[WORK TO BE COMPLETED] Your output must be the lines below from the line containing "ペンション Kelapa Guest House" to the line containing "Zeer goed onderhouden", both lines included, reproduced exactly and without pictures.

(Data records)

━━━━━━━━

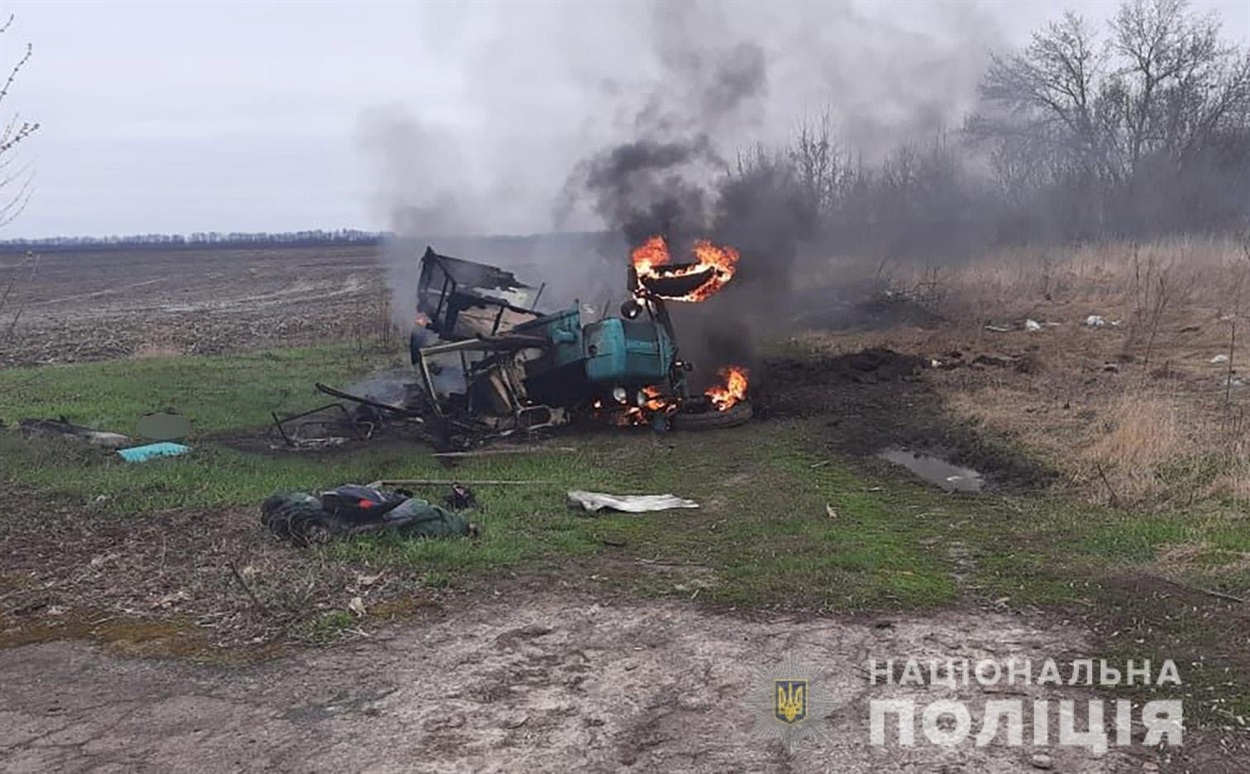 Трактор,  пошкоджений внаслідок наїзду на протитанкову міну
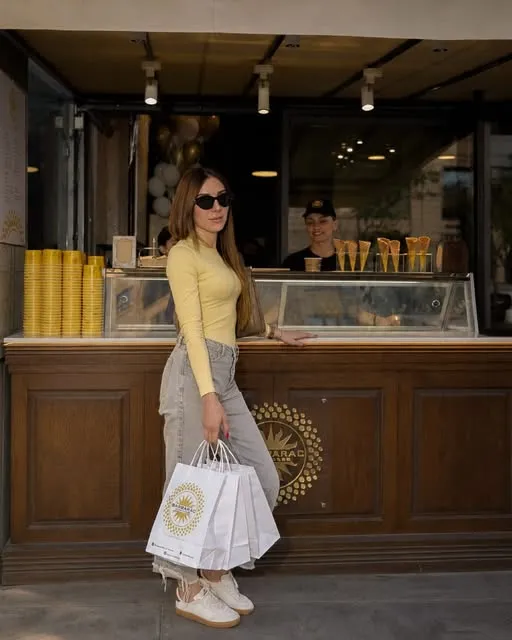 Customer outside the Barbarac store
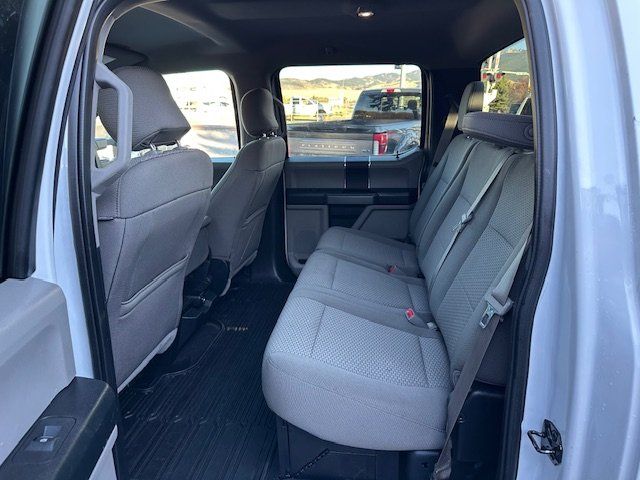2017 Ford F-350 XLT photo 9
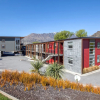 Отель Luxury Lake Suites, фото 1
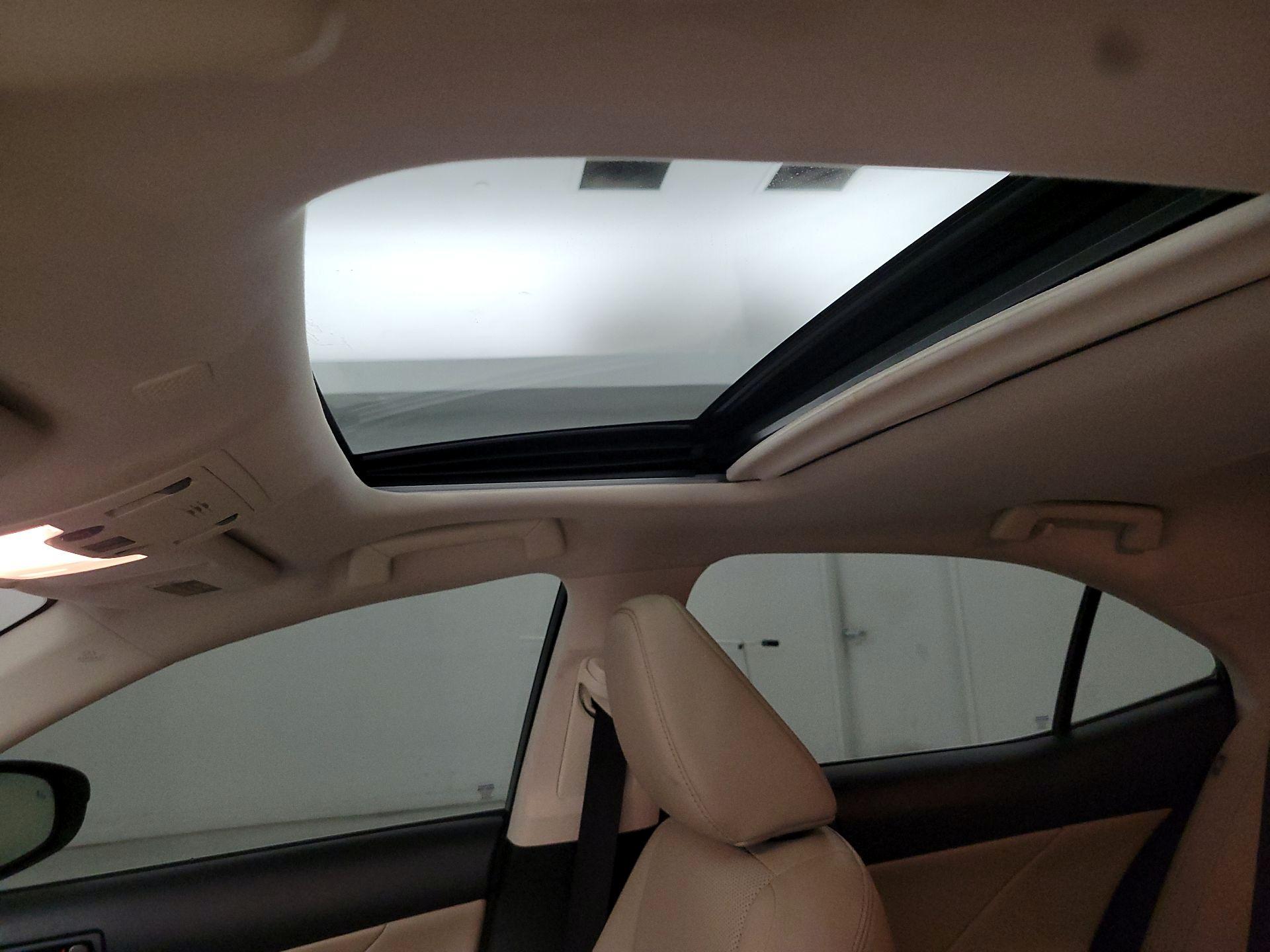 Thumbnail: 2018 Lexus IS - 19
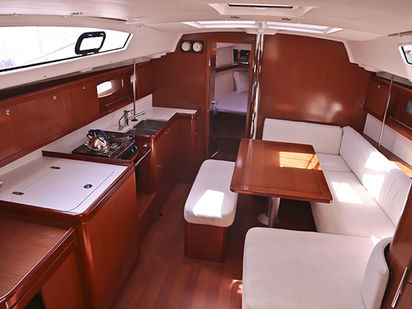 Sailboat Beneteau Oceanis 40 · 2007 · Zynobia (1)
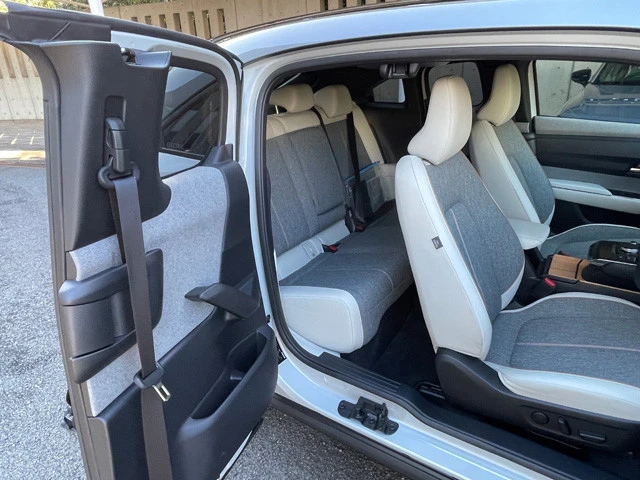 観音開きドアを採用！　基本的にはＭＸ－３０とほぼ同じ内外装になっている。そのため、ＥＶモデルもドアはハイセンスな観音開きとなる。開放感は抜群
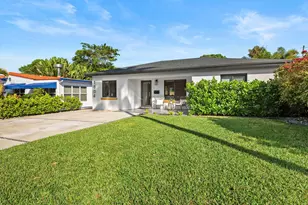 1604 NE 16th Ave, Fort Lauderdale, FL 33305 - Photo 2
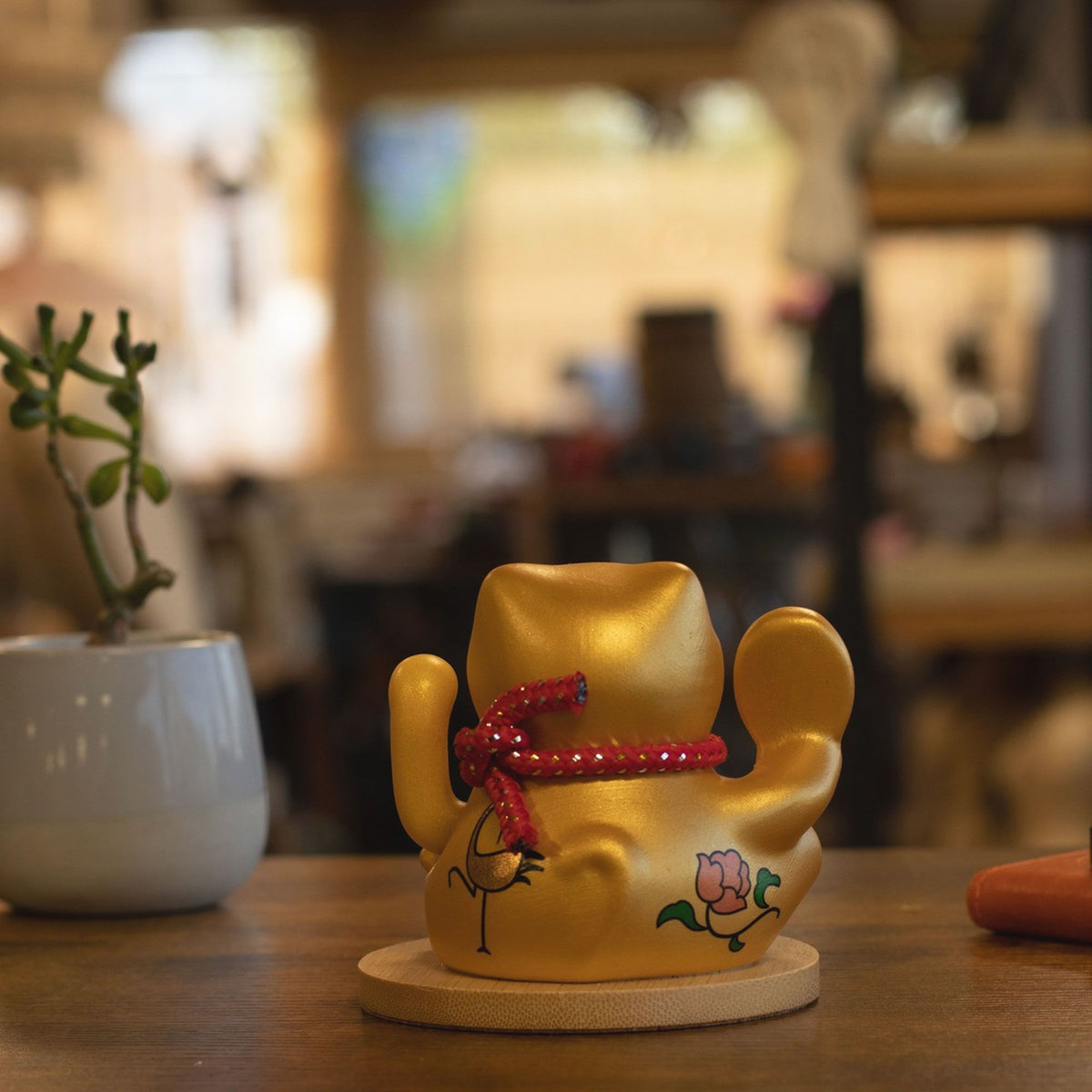 Solar Money Cat Wooden Base  - Gold moving Hand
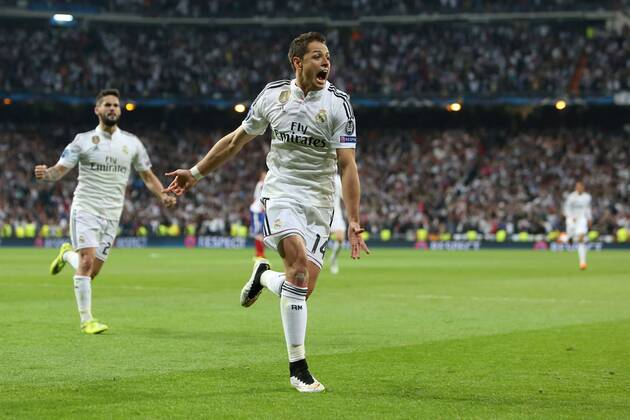 Aktuell Fußball, Champions League, Real Madrid - Atletico Madrid Javier Hernandez of Real Madrid celebrates his opening goal - Real Madrid vs. Atletico Madrid - UEFA Champions League - Quarter Final Second Leg - Santiago Bernabeu - Madrid - 22 04 2015 Pic Philip Oldham Sportimage EDITORIAL USE ONLY. No use with unauthorised audio, video, data, fixture lists, club league logos or live services. Online in-match use limited to 120 images, no video emulation. No use in betting, games or single club league player publications.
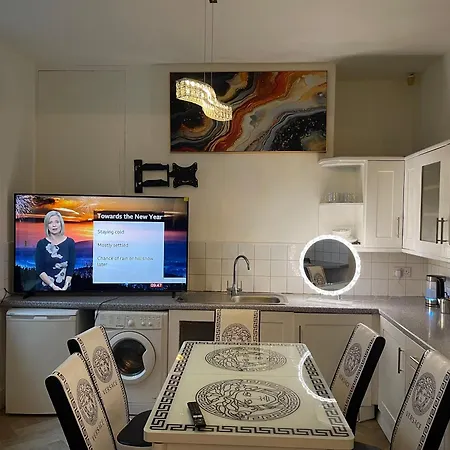 Princess Shahzadi Manchester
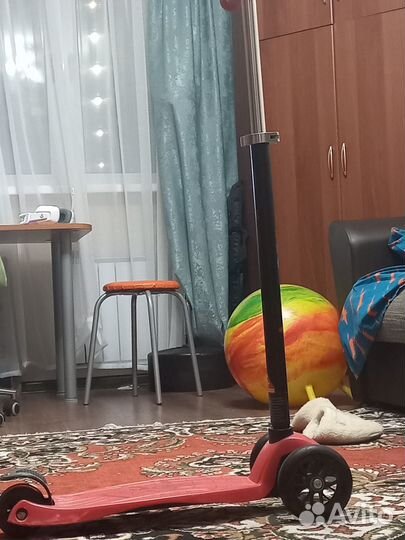 Самокат трехколесный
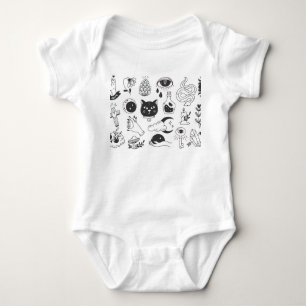 Mystische Tattoo: HandGezeichnet Vintages Abzeiche Baby Strampler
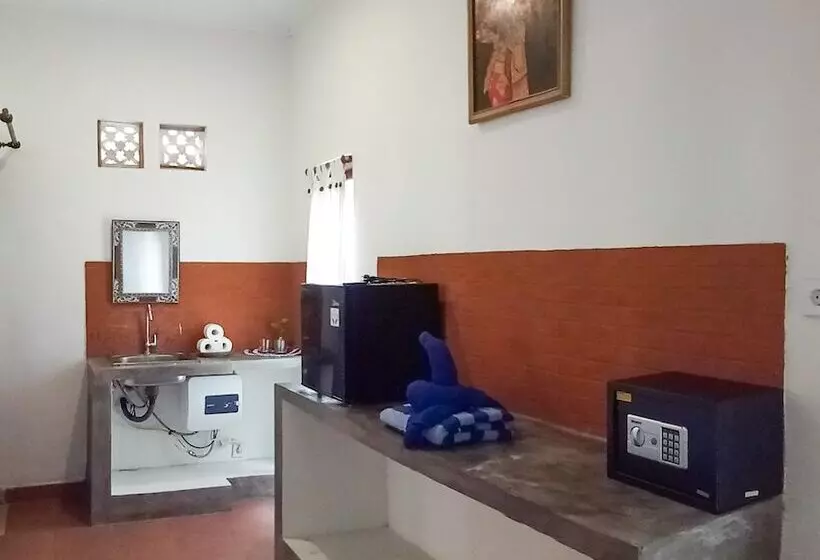 ペンション Kelapa Guest House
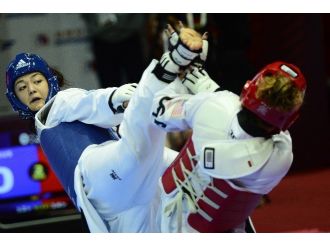 Bakan Çağatay Kılıç, Altın Madalya Kazanan Milli Taekwondo’cu Nafia Kuş’u Tebrik Etti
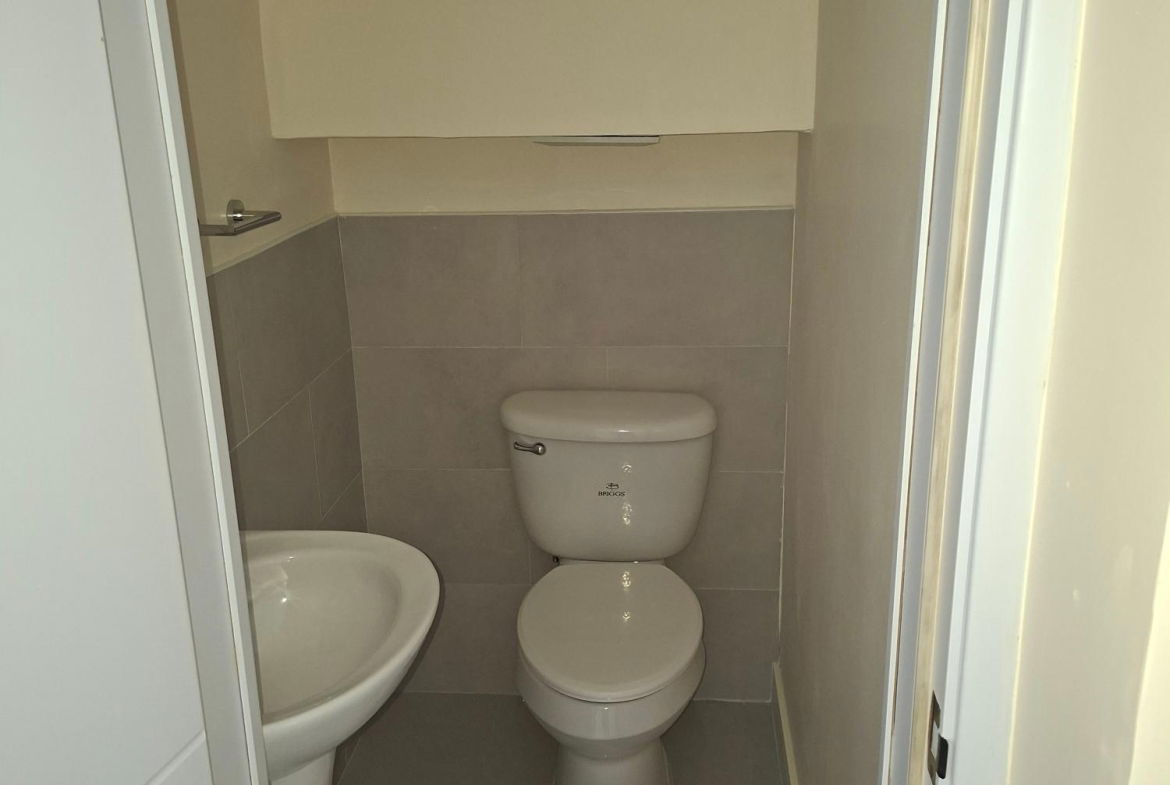 Seventh image of 34 Chester Creek in Greater Portmore, St. Catherine, Jamaica - property is For Rent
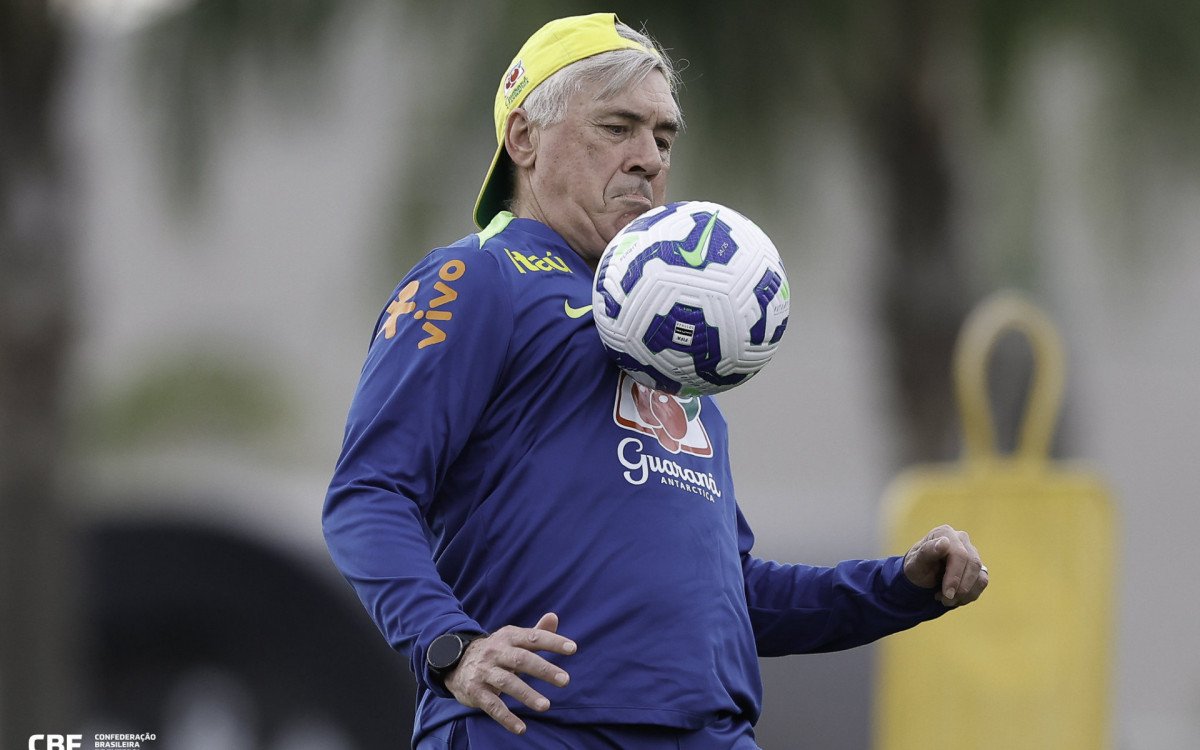 Vini Jr com a camisa 10 da Seleção Brasileira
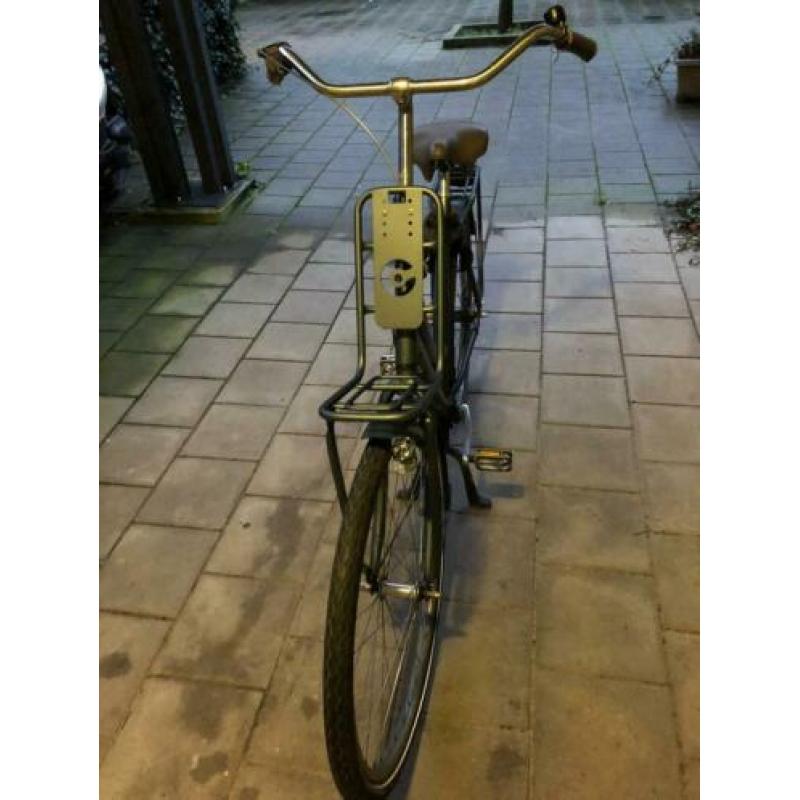 Zeer goed onderhouden grijze Dames Cortina fiets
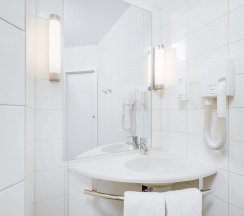 Номер Standard с двуспальной кроватью в ibis Moscow Paveletskaya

━━━━━━━━

[EXPECTED ANSWER]
 ペンション Kelapa Guest House
 Bakan Çağatay Kılıç, Altın Madalya Kazanan Milli Taekwondo’cu Nafia Kuş’u Tebrik Etti
 Seventh image of 34 Chester Creek in Greater Portmore, St. Catherine, Jamaica - property is For Rent
 Vini Jr com a camisa 10 da Seleção Brasileira
 Zeer goed onderhouden grijze Dames Cortina fiets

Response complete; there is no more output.